Task goal: The whole listing is to be restated word for word with no images.

[[ Input data, beginning ]]

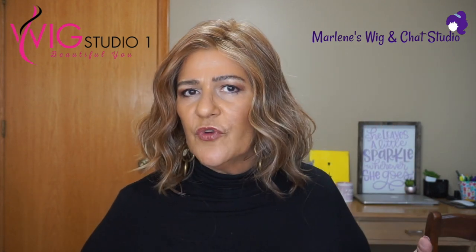This is a heat friendly wig. You can straighten it, you can blow dry it, you can use hot tools on it. As long as you stay below 350 degrees, you won't have any problems. I just personally love these beachy waves — this is really what I like to wear when I'm not wearing a straight wig.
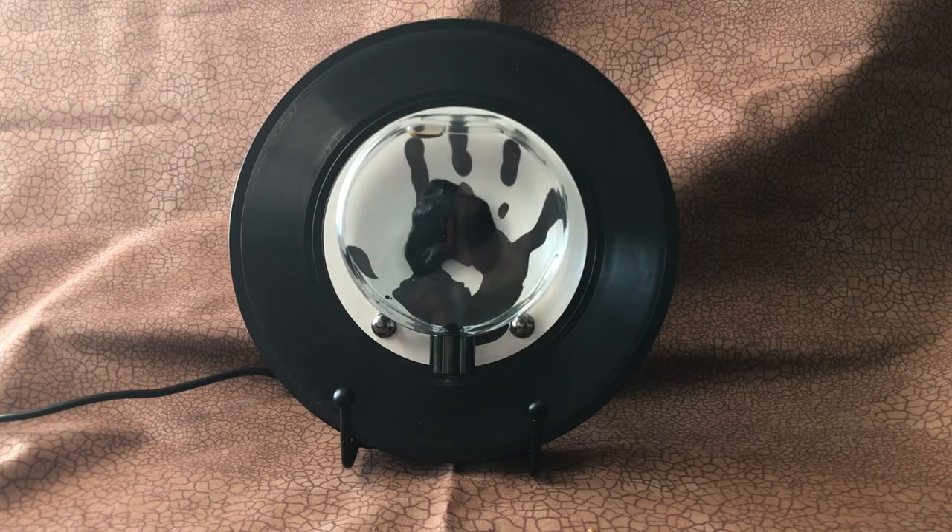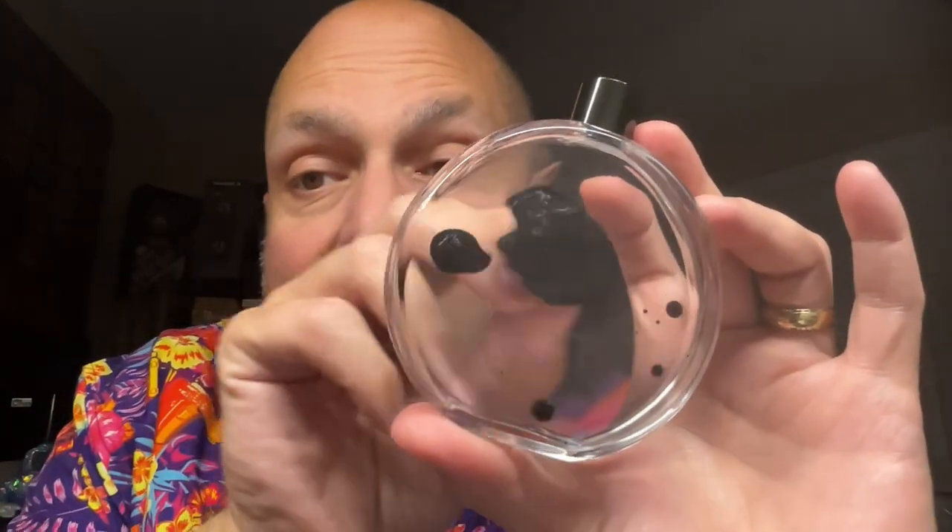I think this is a fun gift idea, and the person receiving it isn't likely to already have one. You get a bottle of ferrofluid and a magnet. You could just spend all day playing with the ferrofluid if you want, but there's more.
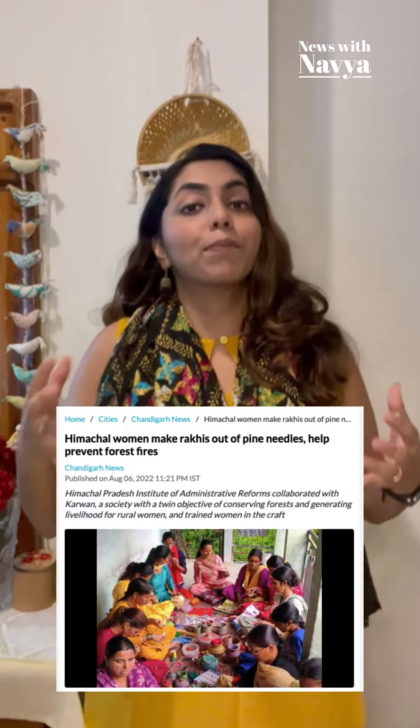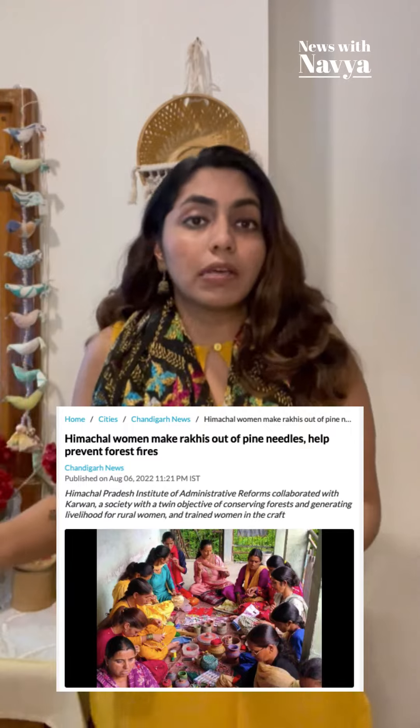People are coming up with wonderful ideas this Rakhi season. Women in rural Himachal are using pine needles, which cause forest fires, to make eco-friendly Rakhis and earn a livelihood. Now, as customers, we must support such innovative and eco-friendly ideas.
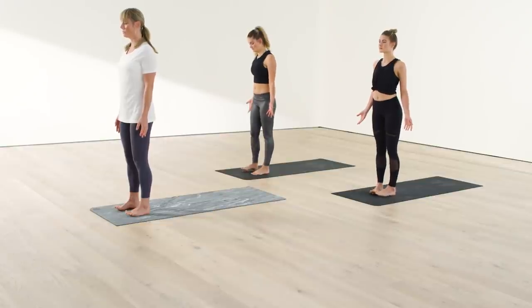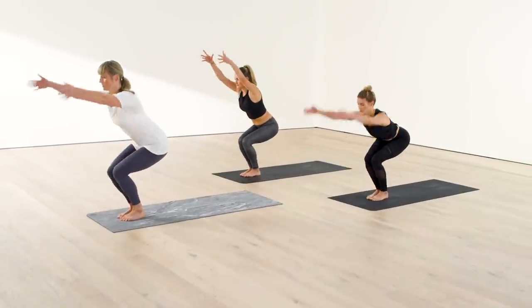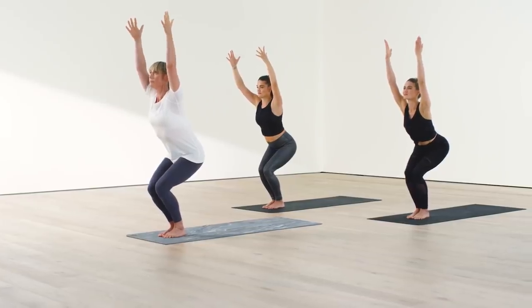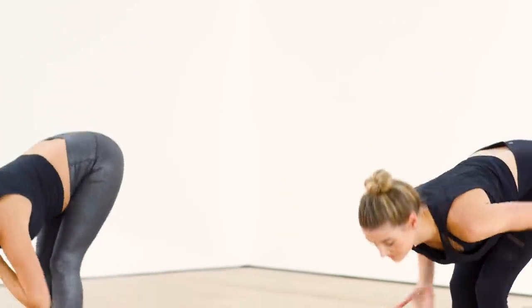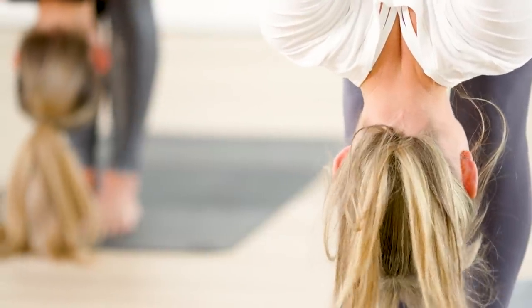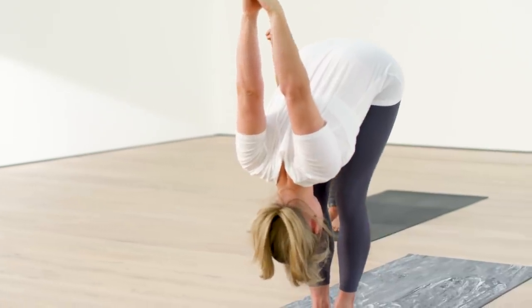Walk your feet together in mountain pose and set up for chair. Bend your knees and reach your arms up. Relax the jaw, feel the lift of your spine, front ribs in as you reach straight up. On your next exhale, fold forward. Interlace your hands behind your low back, palms really squeezing together. Little bend in the elbows. Hug your shoulders onto your back and breathe your chest open, making lots of space in the lungs, the heart, the chest.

[[ Input data, end ]]

Problem solution:
This is a heat friendly wig. You can straighten it, you can blow dry it, you can use hot tools on it. As long as you stay below 350 degrees, you won't have any problems. I just personally love these beachy waves — this is really what I like to wear when I'm not wearing a straight wig.
I think this is a fun gift idea, and the person receiving it isn't likely to already have one. You get a bottle of ferrofluid and a magnet. You could just spend all day playing with the ferrofluid if you want, but there's more.
People are coming up with wonderful ideas this Rakhi season. Women in rural Himachal are using pine needles, which cause forest fires, to make eco-friendly Rakhis and earn a livelihood. Now, as customers, we must support such innovative and eco-friendly ideas.
Walk your feet together in mountain pose and set up for chair. Bend your knees and reach your arms up. Relax the jaw, feel the lift of your spine, front ribs in as you reach straight up. On your next exhale, fold forward. Interlace your hands behind your low back, palms really squeezing together. Little bend in the elbows. Hug your shoulders onto your back and breathe your chest open, making lots of space in the lungs, the heart, the chest.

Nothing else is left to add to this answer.